Tree-of-Thought prompting
However, the idea behind this can still be used! There's interesting way to use this idea of trajectories in a single prompt, and that is by in a single prompt itself try to give multiple "personas" that try to solve the same problem with different approaches.
There's good github repo on this type of prompting called Tree-of-Thought prompting. But the basic idea is to give the thoughts in single prompt, and let the model process those thoughts also in the single prompt. This of course means that we do not have the tree-search algorithm in the traditional sense, however, we have more appraoches to give the answer to the problem thatn just in traditional Chain-of-Thought. Let's give an example prompt:
Imagine three different experts are answering this question.
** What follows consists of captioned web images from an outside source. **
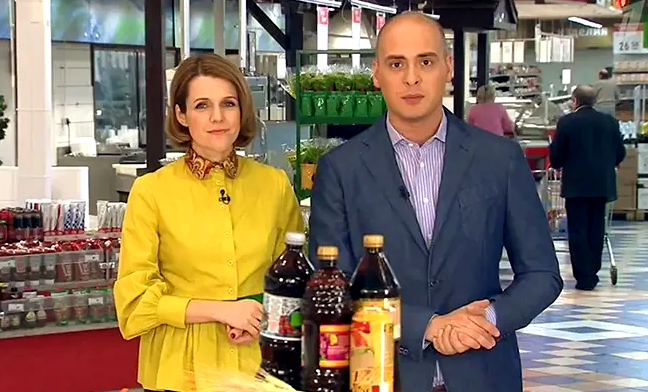 С соведущей по "Контрольной закупке" Ольгой Семенихиной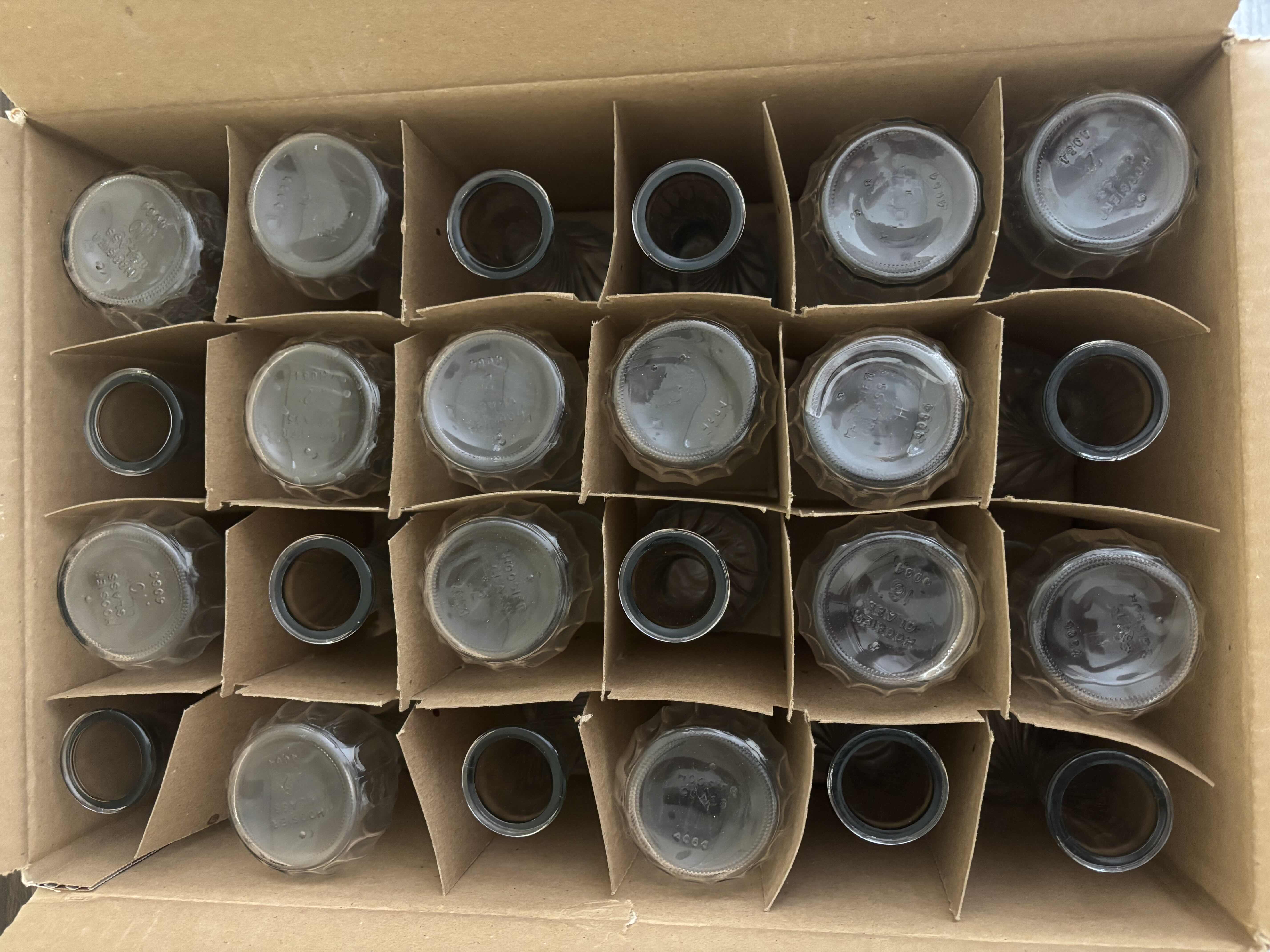 Photo 1 of VINTAGE HOOSIER GLASS SWIRL BUD VASES H6” (24)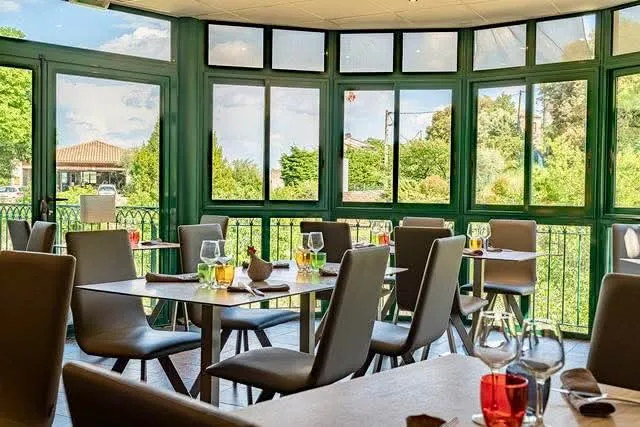 Restaurant le Faitout_Berlou_slider_image_1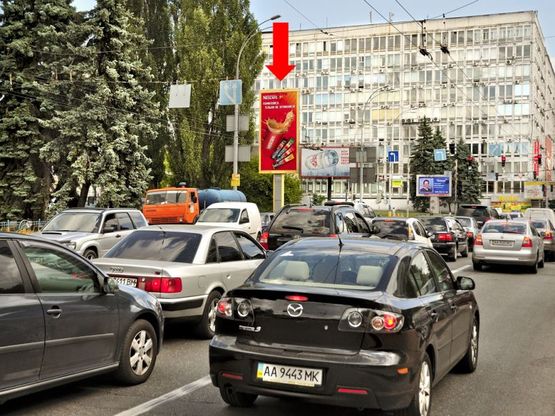 Фото рекламной плоскости по адресу Соломенская пл., 150м до поворота на Воздухофлотский пр., в сторону Липковского ул. (бывш. ул. Урицкого)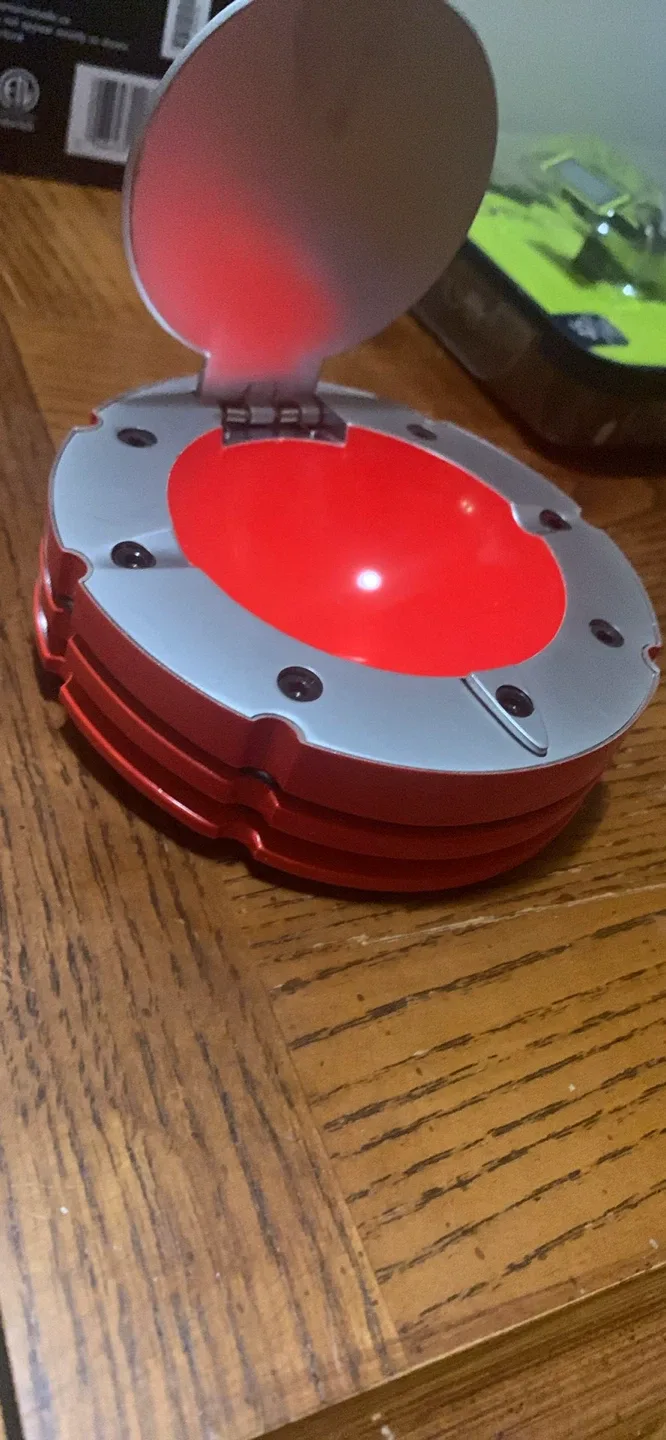 Marlboro  f1 Ferrari gas cap replica  ashtray image indicator(3)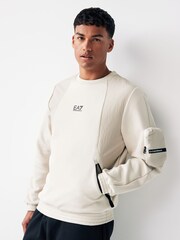 Naturlig - Emporio Armani EA7 Relaxed Fit Utility Tröja - Bild 1 av 1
All experts will write down 1 step of their thinking,
then share it with the group.
Then all experts will go on to the next step, etc.
If any expert realises they're wrong at any point then they leave.
The question is:
Solve the Game of 24 for numbers: [6, 6, 3, 1]
However, how the output is given is highly related to the model, some propriety models such as Gpt-5 do not allow to show internal reasoning for the steps, so user can only see the output. And some models give quite large output to these problems. However, with this prompting technique, we can get a way for model to at least try couple more approaches to the problem, even if it is very limited compared to the full ToT.
Final "Thoughts"
Well, this blog was my attempt on explaining the importance of early tokens, using not so traditional concept of thinking the LLMs outputs as trajectories that stabilize to basin of attractors. Thinking of LLM reasoning as trajectories moving through a high-dimensional space isn’t literally how the math works, but it does explain a lot of what we observe every day:
- why the first token can collapse the outcome
- why long reasoning stabilizes answers
- why models can be confidently wrong
- why chain-of-thought works at all
- and why tree-of-thought helps escape bad early paths
Then I used these ides to explain Chain-of-Thought and Tree-of-Thought prompting techniques, which have shown actual perforamnce improvement when using correctly. However, something being more performant does not necessary mean it is better, as there are more than performance in most systems to care for, e.g. how much model should be better to justify 100 time more expensive / time consuming answer?
Still, understanding why these methods works makes them fell less "magical" and more as engineering tools. And for me, writing about it was the best way to get clear mental model in my own head.
Thanks for reading this far, and I hope my thoughts at least gave you new way to think why early tokens matter so much.